Welcome to the Sexual Harassment Awareness and  Prevention research guide. This guide is for anyone in the Adelphi community looking for information on sexual harassment and/or sexual violence. It provides resources for conducting scholarly research on the topic as as well as links to Adelphi University, local, state, and national resources for awareness and prevention of sexual harassment and sexual violence. It also includes links for reporting and support for anyone who has experienced sexual harassment/sexual violence, sex-based discrimination or retaliation.

Sexual Harassment, Sexual Violence and Gender-Based Harassment Definitions

From the U.S. Equal Employment Opportunity Commission:

 

Sexual Harassment

It is unlawful to harass a person (an applicant or employee) because of that person's sex. Harassment can include "sexual harassment" or unwelcome sexual advances, requests for sexual favors, and other verbal or physical harassment of a sexual nature.

Harassment does not have to be of a sexual nature, however, and can include offensive remarks about a person's sex. For example, it is illegal to harass a woman by making offensive comments about women in general.

Both victim and the harasser can be either a woman or a man, and the victim and harasser can be the same sex.

Although the law doesn't prohibit simple teasing, offhand comments, or isolated incidents that are not very serious, harassment is illegal when it is so frequent or severe that it creates a hostile or offensive work environment or when it results in an adverse employment decision (such as the victim being fired or demoted).

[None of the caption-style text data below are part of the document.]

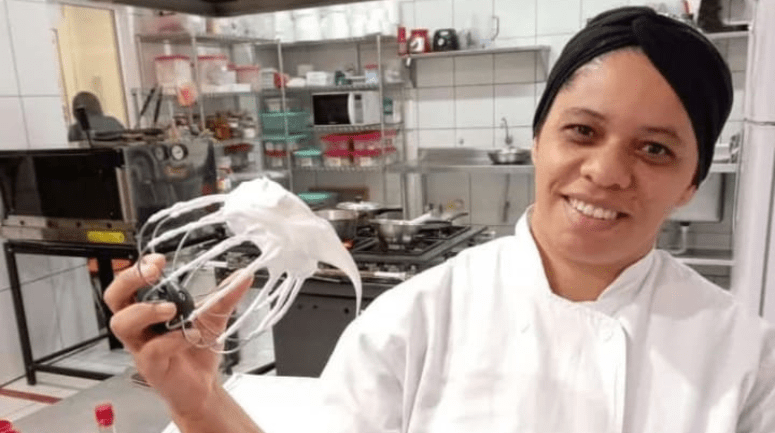 De carrinho de Hot Dog a empreendedora de sucesso como Chef Profissional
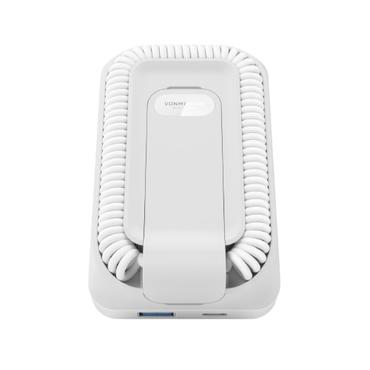 Vonmählen allroundo Pro 10000 mAh Trådløs opladning Hvid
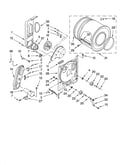 Bulkhead parts, optional parts (not included)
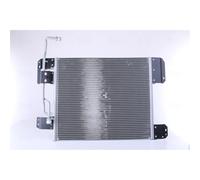 Condensatore, impianto di climatizzazione NISSENS 94714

The harasser can be the victim's supervisor, a supervisor in another area, a co-worker, or someone who is not an employee of the employer, such as a client or customer.

Source: EEOC 

From the U. S. Department of Education Office for Civil Rights:

Sex-Based Harassment

Sex-based harassment can take multiple forms. Harassers can be students, school staff, or even someone visiting the school, such as a student or employee from another school. Sexual harassment (including sexual violence) and gender-based harassment are forms of sex-based harassment addressed on this page.

What is Sexual Harassment?

Sexual harassment is unwelcome conduct of a sexual nature. It includes unwelcome sexual advances, requests for sexual favors, and other verbal, nonverbal, or physical conduct of a sexual nature.

What is Sexual Violence?

Sexual violence is a form of sexual harassment. Sexual violence, as OCR uses the term, refers to physical sexual acts perpetrated against a person’s will or where a person is incapable of giving consent (e.g., due to the student’s age or use of drugs or alcohol, or because an intellectual or other disability prevents the student from having the capacity to give consent). A number of different acts fall into the category of sexual violence, including rape, sexual assault, sexual battery, sexual abuse, and sexual coercion.

What is Gender-Based Harassment?

Gender-based harassment is unwelcome conduct based on a student’s actual or perceived sex. It includes slurs, taunts, stereotypes, or name-calling, as well as gender-motivated physical threats, attacks, or other hateful conduct.